Le technocrate italien, dont les propositions devraient fortement influencer la politique de l’Union au cours de la prochaine législature quinquennale de la Commission, a également exprimé un soutien provisoire aux droits de douane dans des secteurs stratégiques spécifiques, une proposition qui a suscité l’ire de Pékin.

Maroš Šefčovič — le futur commissaire au Commerce pour la législature 2024-2029 qui doit encore être confirmé par le Parlement européen — a également été chargé par la présidente de l’exécutif européen de poursuivre la politique officiellement affichée par l’UE, qui consiste à « réduire les risques sans pour autant se dissocier » de la Chine.

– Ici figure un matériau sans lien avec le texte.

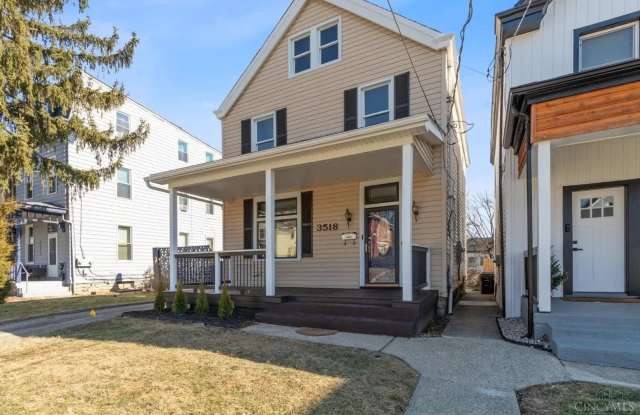 Newly renovated! Available NOW! Gallery 3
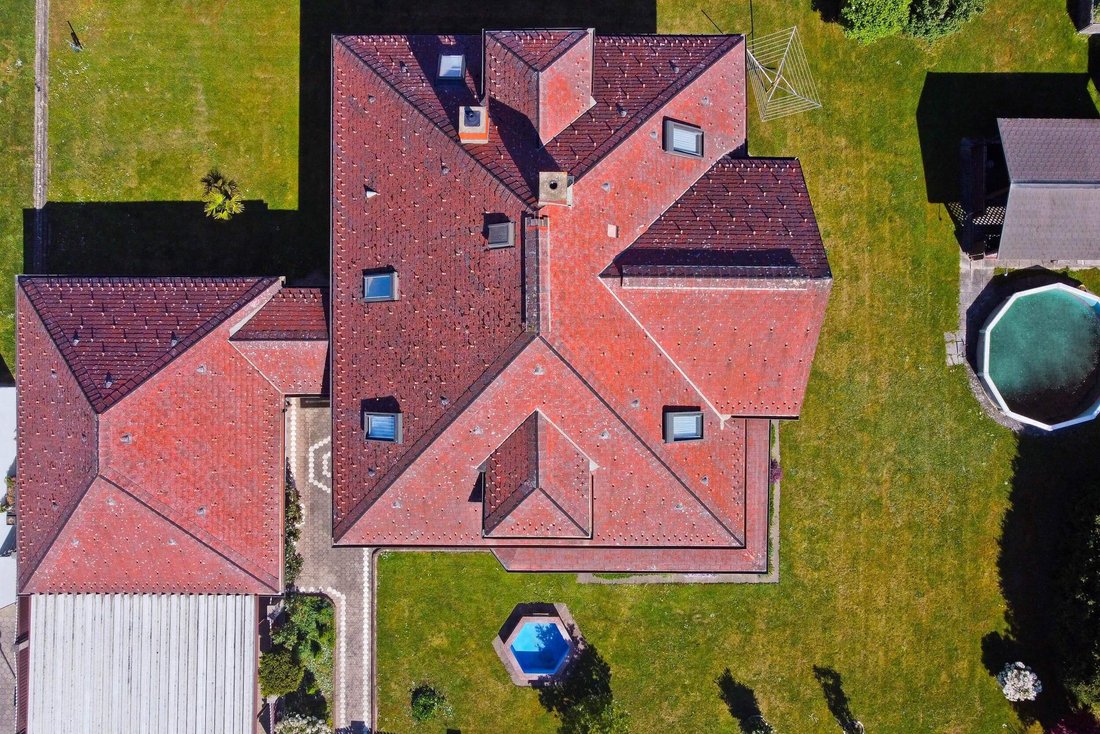 House in Ebenthal, Carinthia, Austria 5 - 18692867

Le rameau d’olivier tendu par Zhu Jing dans son discours fait suite aux déclarations de plus en plus fermes des capitales européennes et de Pékin ces derniers mois.

Lors d’un sommet de l’OTAN en juillet, les membres de l’Alliance ont décrit la Chine comme un « catalyseur décisif » de la guerre menée par la Russie en Ukraine et ont noté que Pékin « continue de poser des défis systémiques à la sécurité euro-atlantique ».

Ces propos ont été vivement condamnés par la Chine, qui a dénoncé la déclaration de l’OTAN comme étant « empreinte de la mentalité de la guerre froide et d’une rhétorique belliqueuse ».

Les États membres de l’UE opposés à la proposition de droits de douane supplémentaires sur les véhicules électriques fabriqués en Chine n’ont pas réussi à bloquer leur adoption lors d’un vote décisif du Conseil ce vendredi 4 octobre, ouvrant la voie à l’imposition définitive de la surtaxe d’ici la fin du mois.